How do you use digital marketing and social media to boost business?

A. We do a lot with local radio and television stations. We will perform chair massages on air or donate our time to different sponsored events. We try to get local TV and radio personalities into our facility, so they can experience it for themselves. After that, it seems they want to write or talk about us. With social media, we highlight promos we are offering.

 

What steps and cost-cutting measures did you employ to offset the recession?

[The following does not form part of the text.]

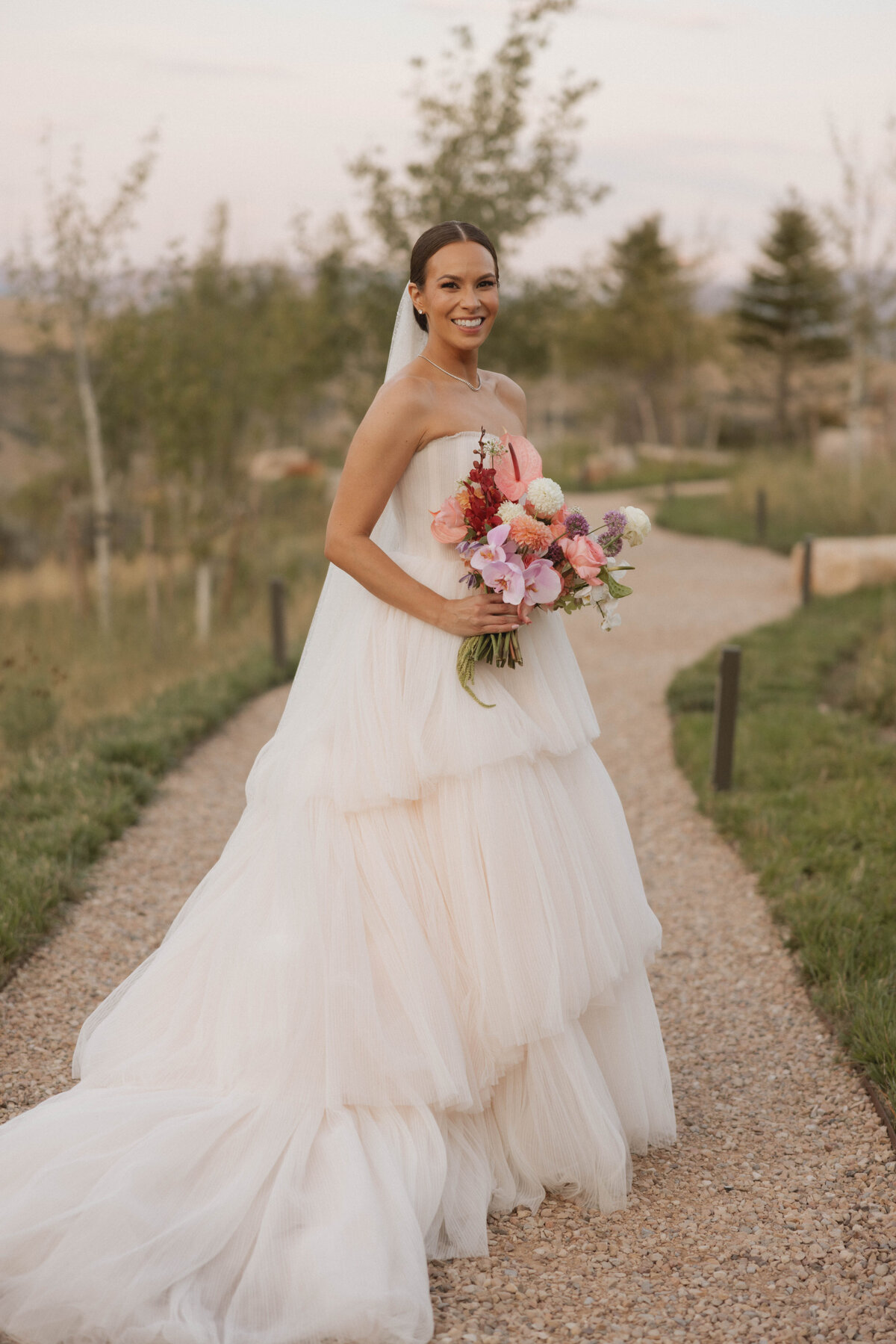 Emma and Karson_Alexx Davila Photo_Utah Documentary Wedding Photographer-616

A. Besides cutting my pay and my father’s, we really tried to get the most out of our staff with a working-smarter-not-harder approach. Getting our staff to realize how difficult it is out there encourages them to make sure that every client is taken care of. Also, we worked very close with our distributor, DePasquale Salon Systems. Working with a distributor that shares our same values gave us better buying power and a business partner to discuss challenges and successes.

 

Did you change your menu of offerings? If so, what effect did that have on the business?

A. Since 2007, we have changed our menu three times, and we are launching our fourth in the spring. We added, removed, and combined treatments. We try to engage our clients and ask for feedback, so a lot of the suggestions came directly from them.

 

Have you had to let any employees go? If not, how were you able to manage this?

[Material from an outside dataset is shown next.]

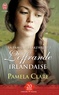 Pamela Clare - La famille Blakewell Tome 2 : L'offrande irlandaise.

A. We were in a bit of a different situation, because when we opened our new facility, the banking recession had just hit, but we were going from a 3,000-square-foot facility to a 23,000-square-foot facility and had to staff it. In the past few years, we’ve really tried to watch the number of hours and spread out when our staff is working. 

 

What have you learned from surviving the recent recession, and how do you plan to incorporate those lessons in the future?

A. We have learned to really pay attention to who you vote for and to what is going on locally and nationally. We also learned that however bad a recession is, if you stay focused on what you believe, treat people the way you want to be treated, and remember that the client is always right, at the end of the day, you’ll know that you gave 100 percent, and you will not fail.